Into the Engagement Tier…

Recently I wrote an article for my blog – Taking the W out of CMS – exploring content management and content delivery as separate disciplines and this is a follow up to that article.

To summarize that article – firstly, to know me professionally, is to know that when it comes to the tribes of CMS folks, I am firmly in the WCM tepee.

Secondly, I disagreed the first time this discussion rolled around, as the millennium clicked over – we were all going to use portal platforms and content management functionality would be in our application server infrastructure (we don’t and it didn’t).

Thirdly, the difference between the systems we are building for tomorrow and then – our digital engagement activities were single threaded following a website groove and the end was very much the driver for the means.

For the mainstream CMS industry it was a web site centric world and in most projects and applications the term ‘CMS’ was interchangeable with ‘WCM’. Today we have a fragmented communication channel; it’s the age of the ‘splinternet’ (in this context, a term coined by Josh Bierhoff), delivering relevant content consistently to multiple places.

This not just devices – our websites are less the single and only web destination, folks consume information about our products and services from other web destinations like Facebook and Twitter (to name two).
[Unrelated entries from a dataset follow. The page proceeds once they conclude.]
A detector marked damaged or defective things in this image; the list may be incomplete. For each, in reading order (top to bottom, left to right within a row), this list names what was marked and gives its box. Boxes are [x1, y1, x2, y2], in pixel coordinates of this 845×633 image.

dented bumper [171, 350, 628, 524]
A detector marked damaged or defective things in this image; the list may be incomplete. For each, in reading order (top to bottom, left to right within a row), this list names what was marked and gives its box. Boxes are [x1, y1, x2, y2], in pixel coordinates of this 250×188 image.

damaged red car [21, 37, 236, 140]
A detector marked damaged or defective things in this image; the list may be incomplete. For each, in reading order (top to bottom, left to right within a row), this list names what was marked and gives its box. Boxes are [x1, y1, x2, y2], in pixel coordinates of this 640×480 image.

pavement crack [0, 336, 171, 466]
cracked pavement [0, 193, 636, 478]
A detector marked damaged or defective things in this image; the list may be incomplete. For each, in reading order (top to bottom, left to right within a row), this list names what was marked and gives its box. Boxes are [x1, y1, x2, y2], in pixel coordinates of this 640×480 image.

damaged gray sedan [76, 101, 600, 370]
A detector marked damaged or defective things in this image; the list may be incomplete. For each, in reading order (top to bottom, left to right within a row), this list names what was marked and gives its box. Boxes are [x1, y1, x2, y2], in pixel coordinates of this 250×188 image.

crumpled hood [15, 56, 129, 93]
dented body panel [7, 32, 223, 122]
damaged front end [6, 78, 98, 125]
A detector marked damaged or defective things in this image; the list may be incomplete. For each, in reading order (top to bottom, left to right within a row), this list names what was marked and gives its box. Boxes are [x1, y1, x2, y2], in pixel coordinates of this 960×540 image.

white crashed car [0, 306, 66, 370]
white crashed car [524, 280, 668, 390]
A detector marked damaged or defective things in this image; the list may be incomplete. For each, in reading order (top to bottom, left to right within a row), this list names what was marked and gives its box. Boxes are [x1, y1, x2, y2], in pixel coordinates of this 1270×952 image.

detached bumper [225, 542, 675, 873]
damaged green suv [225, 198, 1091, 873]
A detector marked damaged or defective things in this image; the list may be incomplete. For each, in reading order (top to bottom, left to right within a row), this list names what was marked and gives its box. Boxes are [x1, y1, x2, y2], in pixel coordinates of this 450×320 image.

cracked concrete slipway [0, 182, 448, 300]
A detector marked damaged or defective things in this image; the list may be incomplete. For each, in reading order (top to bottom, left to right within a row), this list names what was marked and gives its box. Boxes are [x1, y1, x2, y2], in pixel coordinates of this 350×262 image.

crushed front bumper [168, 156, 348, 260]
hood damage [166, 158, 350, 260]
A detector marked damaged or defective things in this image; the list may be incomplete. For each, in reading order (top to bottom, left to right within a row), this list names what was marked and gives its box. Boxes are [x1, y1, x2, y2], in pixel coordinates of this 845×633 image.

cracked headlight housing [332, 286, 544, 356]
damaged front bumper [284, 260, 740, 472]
Plus, of course the needs of customer, consumer and citizen engagement means that we can chuck in multiple touch points, in e-mail, call centres and real life.

We used to get ourselves worked up about ‘baking’ or ‘frying’ content management/delivery applications, about decoupled systems that produce pages and dynamic content – but (as I said in response to a comment on my original blog post) today’s consumer wants super dynamic content fresh caught that day, prepared their way, hot off the griddle – Teppanyaki served to share – family style.

So, we have a new level of complexity and requirements for our systems to support our digital marketers and communicators. A level of complexity of requirements that sits between our content repository and our consumer, which used to be the section of the RFP that simply said “must produce compliant HTML”.

When talking about delivery of content, this is typically where our requirement starts to gain some uniqueness between projects.

The question is, so you have your well-ordered, neatly filed, approved content – but what are you going to use it for?

A requirement for an approval process supported by workflow is fairly ubiquitous – but if you are a membership organisation that engages its audience over email or a consumer packaged goods company with fifty products and a YouTube channel – your Engagement Tier requirements are going to be quite diverse.

This diversity in requirements means two things to me.

1. As an industry we are very good at understanding, defining and capturing CMS requirements – but how are we at identifying, understanding and communicating an organisations engagement needs?

2. If there are diverse requirements, then there are different solutions – and right now it’s is a blend of dynamic web content delivery, marketing automation, campaign management, email, web analytics (etc. etc.) – There is no silver vendor bullet – no leader, no wave, no magic quadrant – its different strokes for different folks.

It’s this that I want to explore, how do we define those needs and how do we compare tools?

So, into the Engagement Tier – my colleagues here at Gilbane challenged me to draw it. Hmm.. right now it’s a box of content, a big arrow and then the consumer.